Zur Prüfung darf nur zugelassen werden, wer an der erforderlichen Ausbildung der Akademie für Naturschutz und Landschaftspflege teilgenommen hat.
Voraussetzung für die Zulassung zu den Ausbildungslehrgängen an der Akademie für Naturschutz und Landschaftspflege sowie zur Prüfung sind:
eine Bestätigung des Landratsamtes beziehungsweise der Kreisverwaltungsbehörde, dass die Bewerberin oder der Bewerber im Anschluss an die Prüfung in die Naturschutzwacht des betreffenden Landkreises übernommen werden soll;
der Nachweis, dass sich die Bewerberin oder der Bewerber in mindestens drei Streifengängen zusammen mit einem bereits bestellten Naturschutzwächter einen Eindruck von der Tätigkeit der Naturschutzwacht verschafft hat.

5.2.4 

Die Prüfungskommission wird von der Bayerischen Akademie für Naturschutz und Landschaftspflege bestellt. Sie besteht aus einem juristisch und einem fachlich ausgebildeten Bediensteten.

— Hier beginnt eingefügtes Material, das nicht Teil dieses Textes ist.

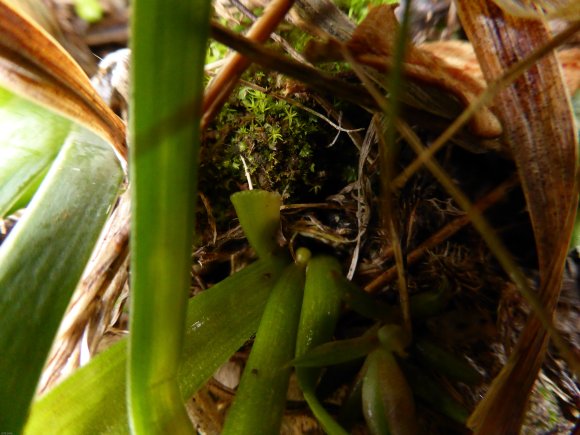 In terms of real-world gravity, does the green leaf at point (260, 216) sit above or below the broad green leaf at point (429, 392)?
above

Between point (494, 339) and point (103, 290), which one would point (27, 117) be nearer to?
point (103, 290)

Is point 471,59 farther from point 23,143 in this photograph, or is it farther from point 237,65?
point 23,143

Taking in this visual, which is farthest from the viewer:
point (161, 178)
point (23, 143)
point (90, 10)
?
point (90, 10)

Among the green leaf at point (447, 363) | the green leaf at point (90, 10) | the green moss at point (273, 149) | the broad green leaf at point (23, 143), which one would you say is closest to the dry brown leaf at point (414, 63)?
the green moss at point (273, 149)

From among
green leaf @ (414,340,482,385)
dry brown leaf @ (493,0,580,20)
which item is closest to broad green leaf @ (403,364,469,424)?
green leaf @ (414,340,482,385)

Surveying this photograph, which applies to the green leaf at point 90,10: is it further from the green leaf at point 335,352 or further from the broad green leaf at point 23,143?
the green leaf at point 335,352

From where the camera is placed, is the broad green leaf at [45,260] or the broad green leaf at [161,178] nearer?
the broad green leaf at [161,178]

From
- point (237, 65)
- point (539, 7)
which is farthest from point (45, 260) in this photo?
point (539, 7) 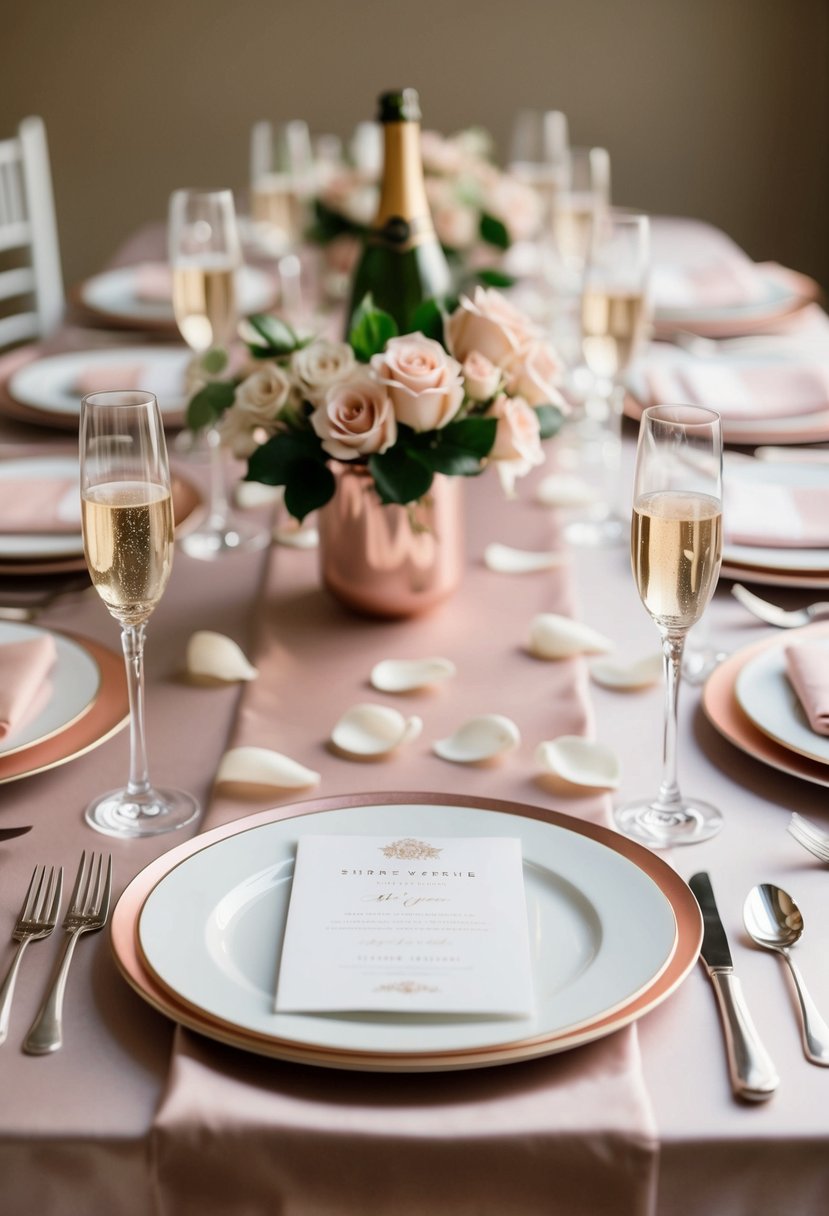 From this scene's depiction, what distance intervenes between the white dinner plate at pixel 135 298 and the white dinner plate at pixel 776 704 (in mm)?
1363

Die Sachgebiete 820 der Regierungen von Oberbayern, Niederbayern, Schwaben und der Oberpfalz stellen der Akademie auf Anfrage turnusmäßig eine Juristin beziehungsweise einen Juristen für die Abnahme der Prüfung im Rahmen ihrer Dienstaufgaben zur Verfügung.

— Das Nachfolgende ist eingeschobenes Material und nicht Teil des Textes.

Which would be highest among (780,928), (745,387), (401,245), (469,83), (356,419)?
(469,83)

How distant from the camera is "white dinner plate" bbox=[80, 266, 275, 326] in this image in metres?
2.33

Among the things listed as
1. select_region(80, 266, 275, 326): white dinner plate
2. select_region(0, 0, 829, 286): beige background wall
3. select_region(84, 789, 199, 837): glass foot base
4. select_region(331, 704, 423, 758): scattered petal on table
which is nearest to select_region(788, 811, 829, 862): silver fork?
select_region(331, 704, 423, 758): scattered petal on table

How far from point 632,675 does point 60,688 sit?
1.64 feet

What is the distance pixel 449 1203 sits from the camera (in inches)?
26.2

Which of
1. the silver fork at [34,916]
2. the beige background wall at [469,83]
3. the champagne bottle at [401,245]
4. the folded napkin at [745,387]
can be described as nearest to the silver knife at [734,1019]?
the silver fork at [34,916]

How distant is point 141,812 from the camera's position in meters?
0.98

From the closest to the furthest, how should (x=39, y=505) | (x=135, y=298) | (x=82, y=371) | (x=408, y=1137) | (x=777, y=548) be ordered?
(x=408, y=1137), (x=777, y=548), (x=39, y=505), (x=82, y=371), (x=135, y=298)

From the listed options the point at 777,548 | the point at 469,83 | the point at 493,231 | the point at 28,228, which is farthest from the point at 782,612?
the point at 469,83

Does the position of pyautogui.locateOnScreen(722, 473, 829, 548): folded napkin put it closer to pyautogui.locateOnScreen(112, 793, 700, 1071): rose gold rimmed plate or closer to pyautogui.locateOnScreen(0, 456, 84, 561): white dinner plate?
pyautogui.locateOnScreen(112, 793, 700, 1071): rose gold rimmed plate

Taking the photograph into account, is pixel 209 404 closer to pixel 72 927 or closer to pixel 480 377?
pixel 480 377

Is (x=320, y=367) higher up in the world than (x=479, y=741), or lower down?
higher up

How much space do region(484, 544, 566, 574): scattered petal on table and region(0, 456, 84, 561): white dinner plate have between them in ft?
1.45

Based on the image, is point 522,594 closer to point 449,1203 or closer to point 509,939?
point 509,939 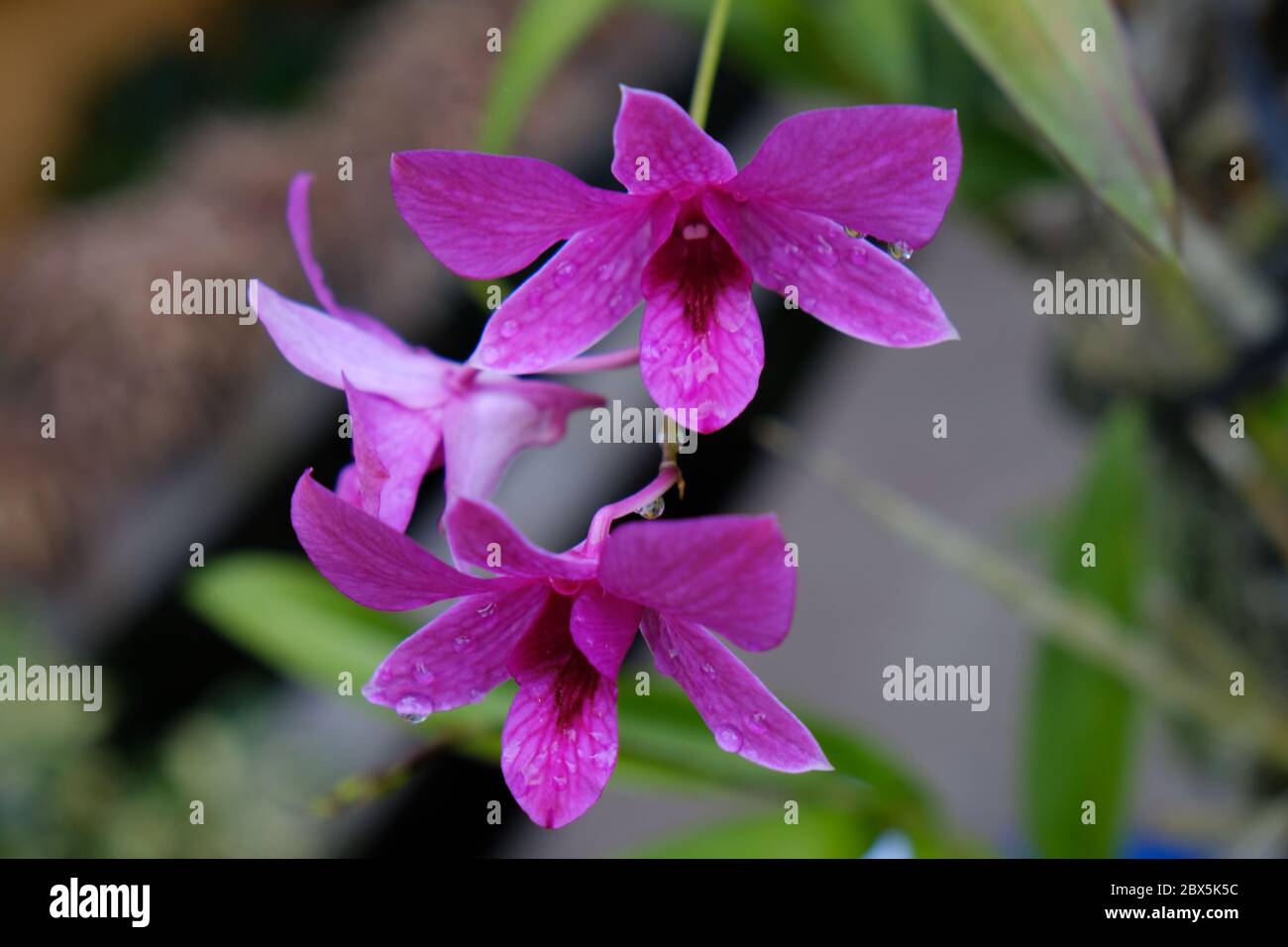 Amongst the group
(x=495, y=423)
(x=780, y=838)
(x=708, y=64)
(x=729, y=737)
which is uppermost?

Die Prüfung besteht aus einem Prüfungsgespräch, in dem festgestellt wird, ob die einzelnen Prüfungsteilnehmer nach ihren Kenntnissen und Fähigkeiten in der Lage sind, ihre Aufgabe mit den ihnen zustehenden Befugnissen ordnungsgemäß wahrzunehmen.Mehr als vier Prüfungsteilnehmer sollen nicht gemeinsam geprüft werden. Für die Prüfungsteilnehmer ist jeweils eine Gesamtprüfungsdauer von etwa 30 Minuten vorzusehen.
Das Prüfungsergebnis ist aktenkundig zu machen und den Prüfungsteilnehmern im Anschluss an die Prüfung mitzuteilen. Die untere Naturschutzbehörde wird entsprechend unterrichtet.